# [What needs to be done]
What are the lines below, starting at the line containing "六年级下册科学生命的历程3ppt课件_第2页" and ending at the line containing "Surprise proposal photography"? Write them out exactly, ends included, without pictures.

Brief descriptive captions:

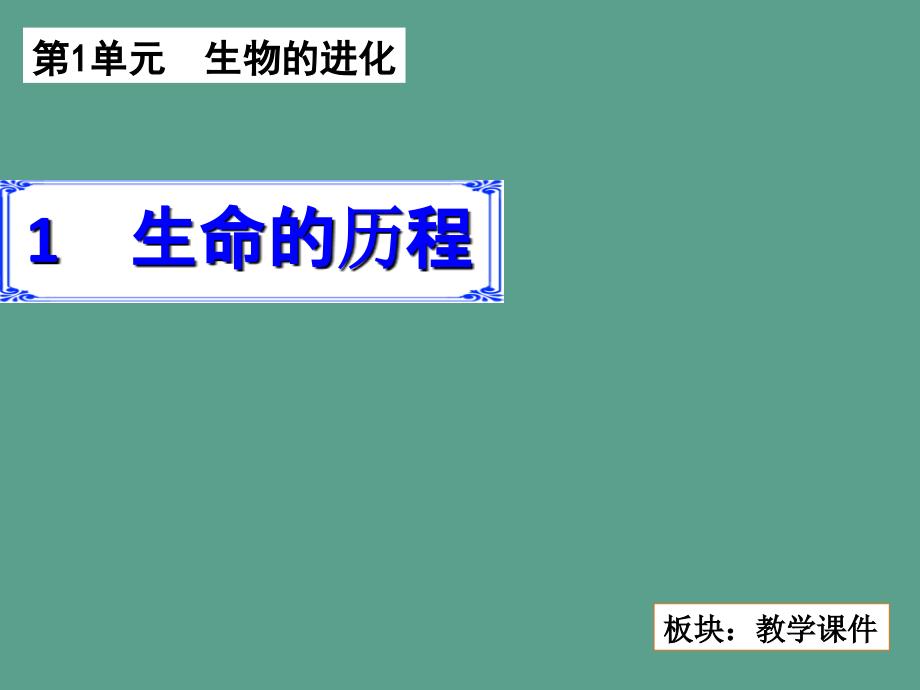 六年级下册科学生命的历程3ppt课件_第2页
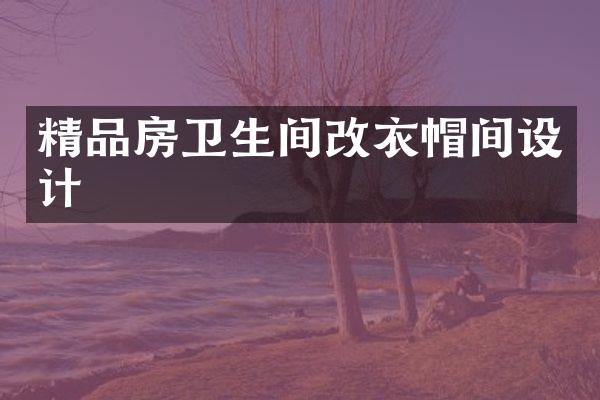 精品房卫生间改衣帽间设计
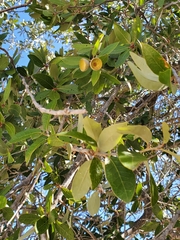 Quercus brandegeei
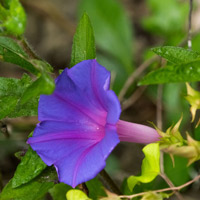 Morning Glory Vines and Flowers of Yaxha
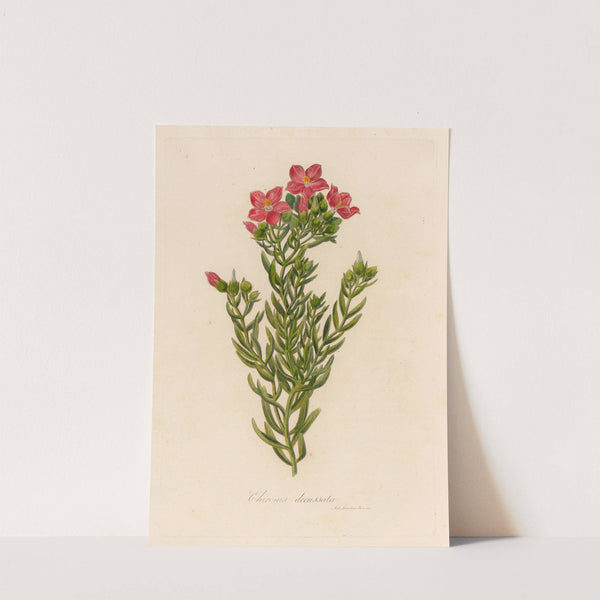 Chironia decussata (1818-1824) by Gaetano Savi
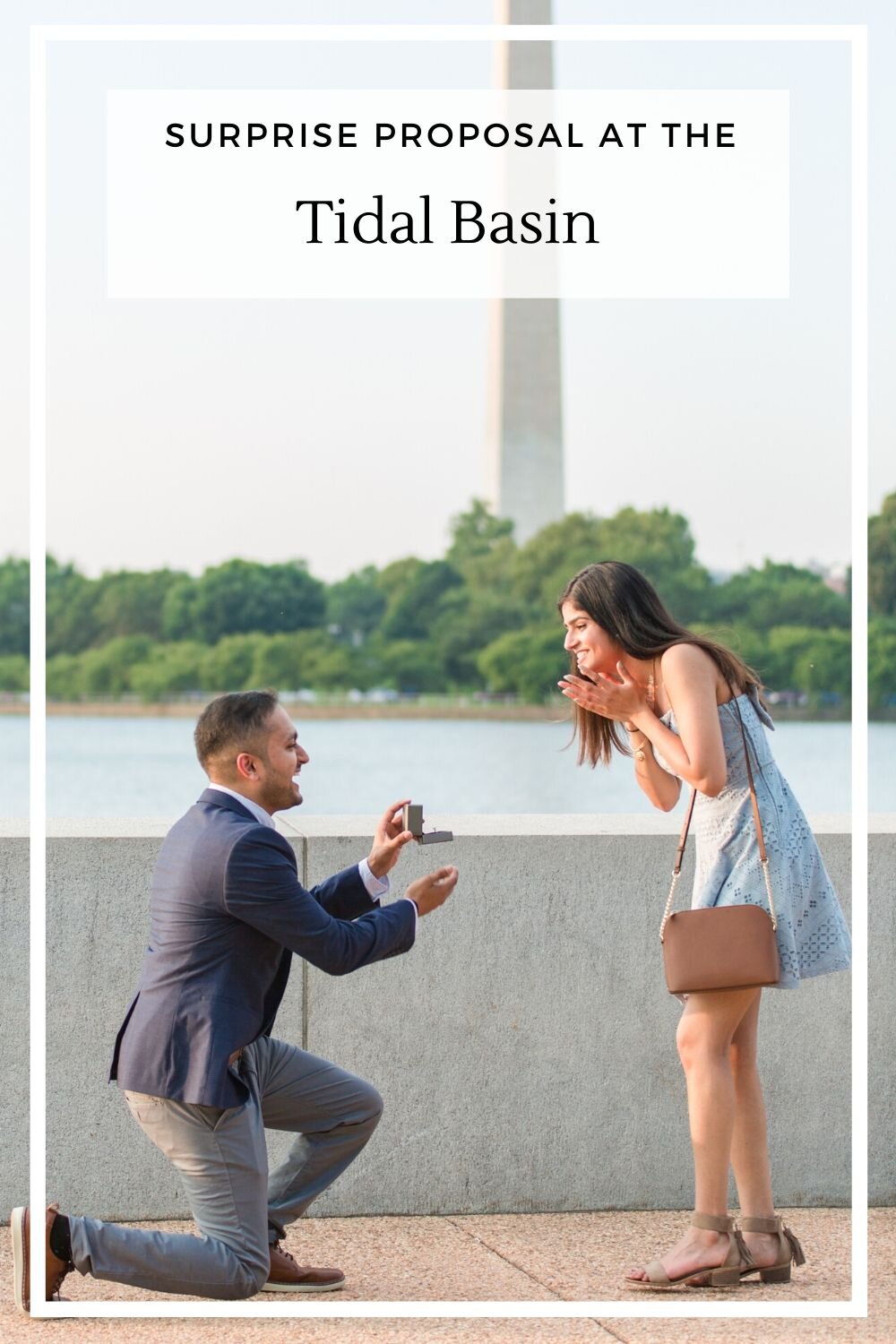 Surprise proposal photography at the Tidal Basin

---

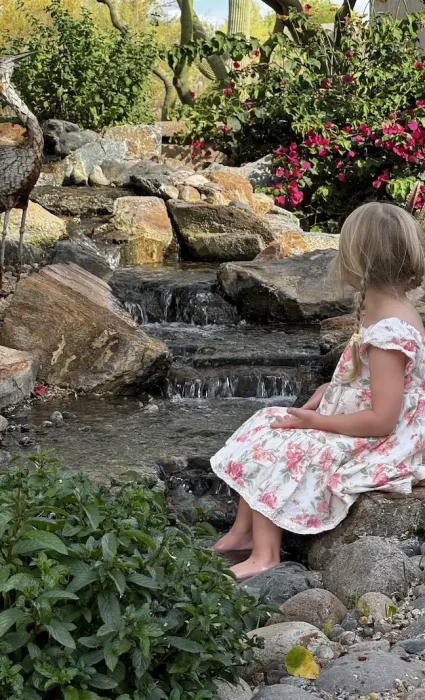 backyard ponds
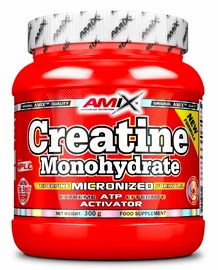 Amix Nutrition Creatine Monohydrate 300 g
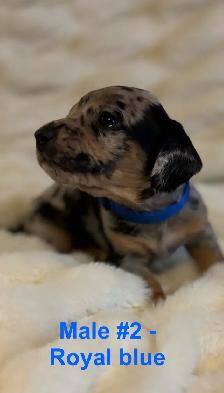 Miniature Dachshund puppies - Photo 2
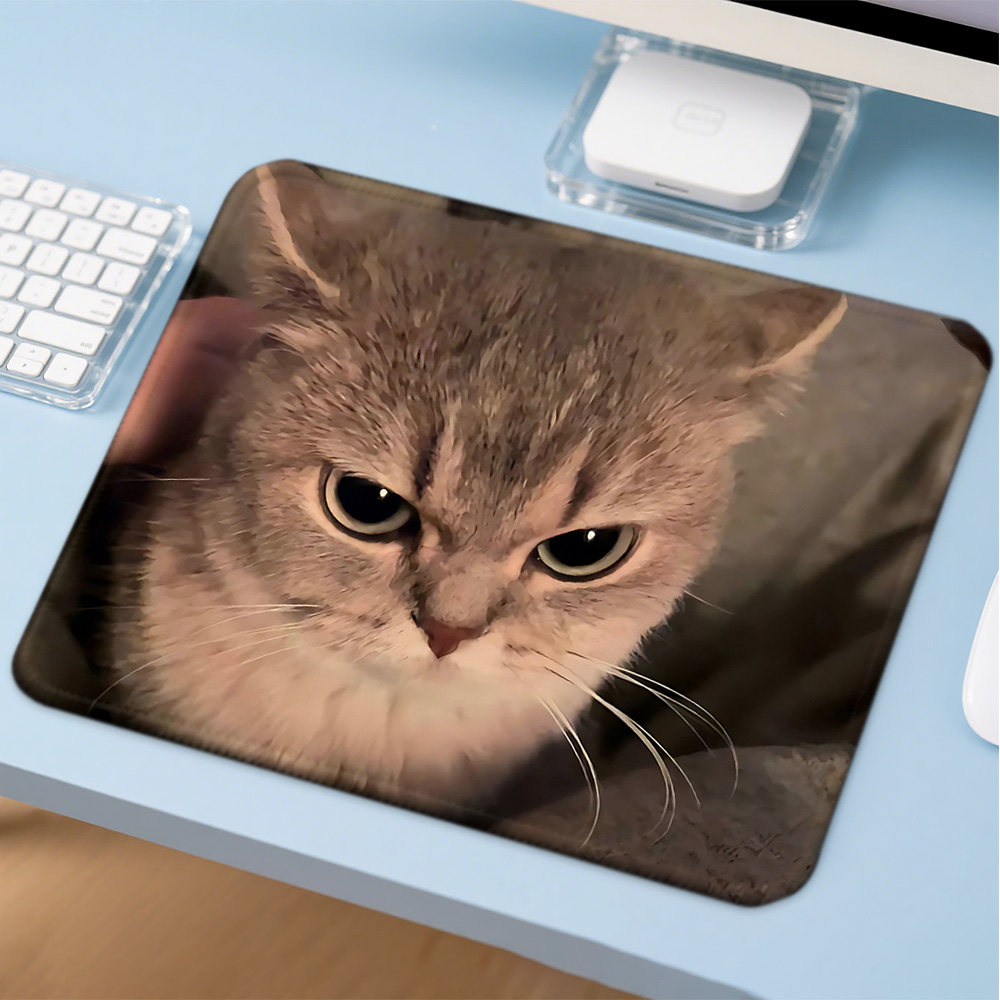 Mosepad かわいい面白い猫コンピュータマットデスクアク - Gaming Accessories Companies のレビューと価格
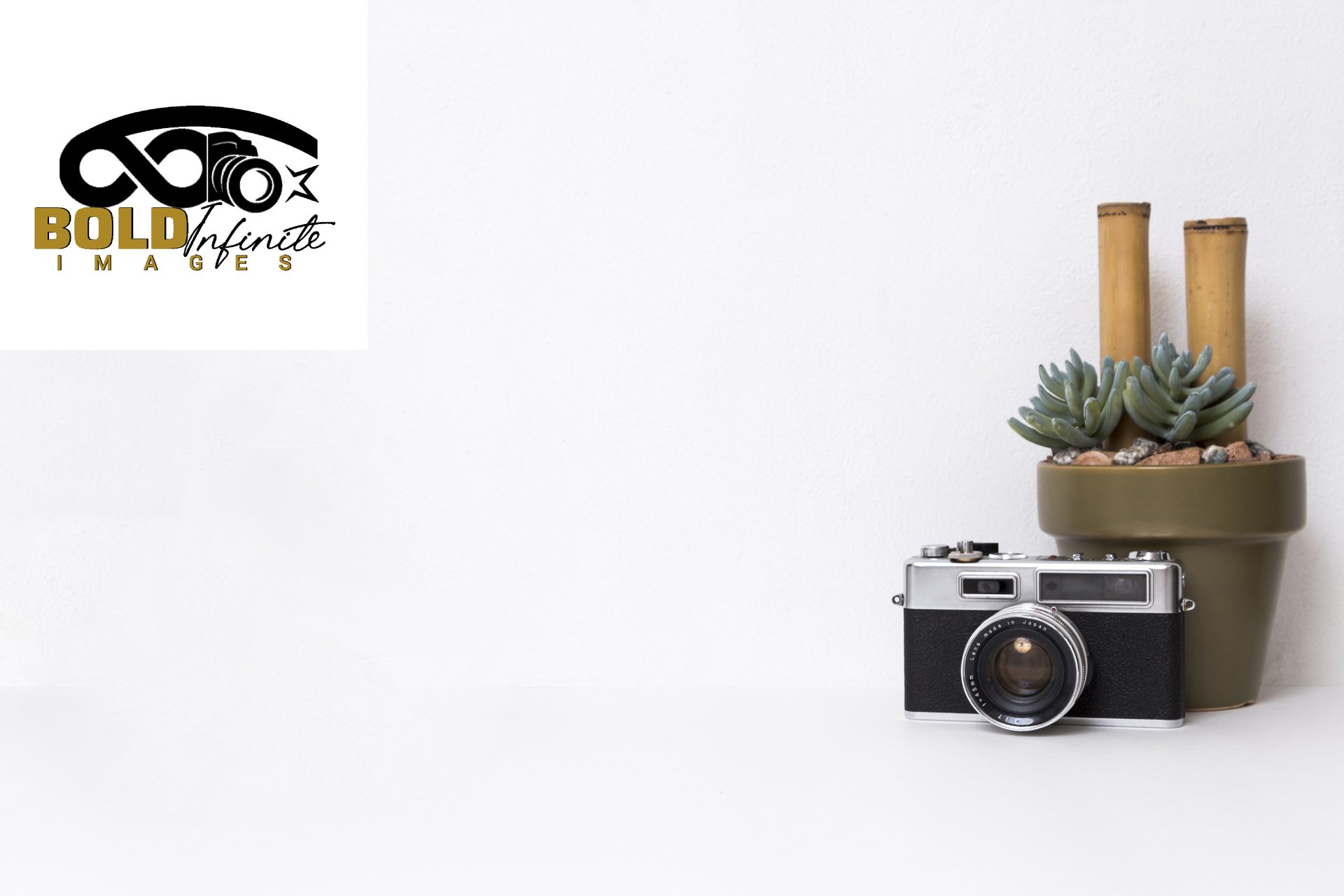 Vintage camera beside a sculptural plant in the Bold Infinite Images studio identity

# [Answer to the problem]
 六年级下册科学生命的历程3ppt课件_第2页
 精品房卫生间改衣帽间设计
 Quercus brandegeei
 Morning Glory Vines and Flowers of Yaxha
 Chironia decussata (1818-1824) by Gaetano Savi
 Surprise proposal photography at the Tidal Basin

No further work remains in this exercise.